Anyone using the nail gun type ammo (crimped ends) in the BB's and if so, are there any adverse effects? Seems that the yellow loads are the same and the only difference I saw was the crimped ends.


----------



## Kyle B (May 5, 2005)

I use the green ones. Buy them from Home Depot. No problems to report.


----------



## badbullgator (Dec 20, 2004)

I only use the crimped loads, green, yellow and brown. I do not use the red although I have, they have just too much power and I am afraid that they will dammage the BB.
$5 at Home Depot vs $8-10 for the others form BB, Gun Dog supply, Dogs afield....


----------



## lablover (Dec 17, 2003)

As stated above the crimped loads will work fine. I also use the green loads from Lowes/Home Depot, about 5.00 per box of 100.
They will occasionally split a case, making extraction difficult, so I keep a small pair of pliers in the box.
Sometimes you will get a blooper load, meaning that the bumper does not go very far. If you get a bunch of those, I suggest you clean out the channel where you insert the load, with a .22 cal wire bronze brush with some Hoppes' cleaner on it. 
I use yellow loads occasionally, and have had no problems with those either.


----------



## Keith Stroyan (Sep 22, 2005)

*crimps*

I have fired 1000 or so thru my BBs with no known ill effect.

I like brown and green. Longer throws make for complicated triples.


----------



## TG Lewis (Apr 24, 2006)

Appreciate the replies and PM's...

Thanks again


----------



## KEukaFlyer (Oct 7, 2005)

I use the crimped ones since my original ones ran out. I see very little difference...maybe a little more power??? I don't use the red ones since it tends to knock the unit over...which usually I don't see since its hidden behind something until I launch the second one into the ground and see my BB launch itself through the air...

Doesn't bother the launcher too much but the dog sure gets excited. 

The launchers themselves seem to be pretty durable.

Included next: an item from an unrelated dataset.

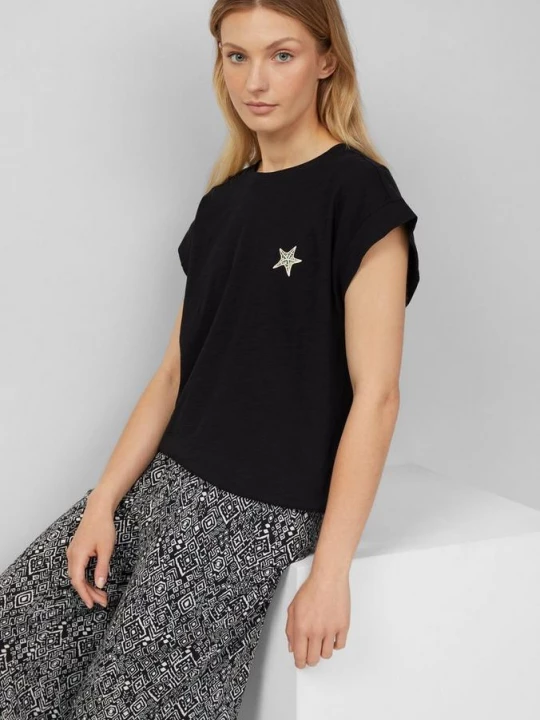 Foto van product Relaxed T-shirt met klein kunstwerk s.Oliver zwart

(I have two Derby Doubles)


----------



## Polock (Jan 6, 2003)

Over 3000 rounds through my two 4 shooters with yellow crimped loads from Lowe's..........no problems to report...........


----------



## TG Lewis (Apr 24, 2006)

Thannks again


----------



## NateB (Sep 25, 2003)

I can no longer find the red loads at Home Depot, do they not make them any more? I mostly use green and yellow, the browns when working around too many houses, but like to use the red once in a while for really big throws, or throwing over cover into water for example.

Can anyone still find them?

Nate


----------



## badbullgator (Dec 20, 2004)

Yeah. They changed the packaging on them but they are still in the same place at my HD


----------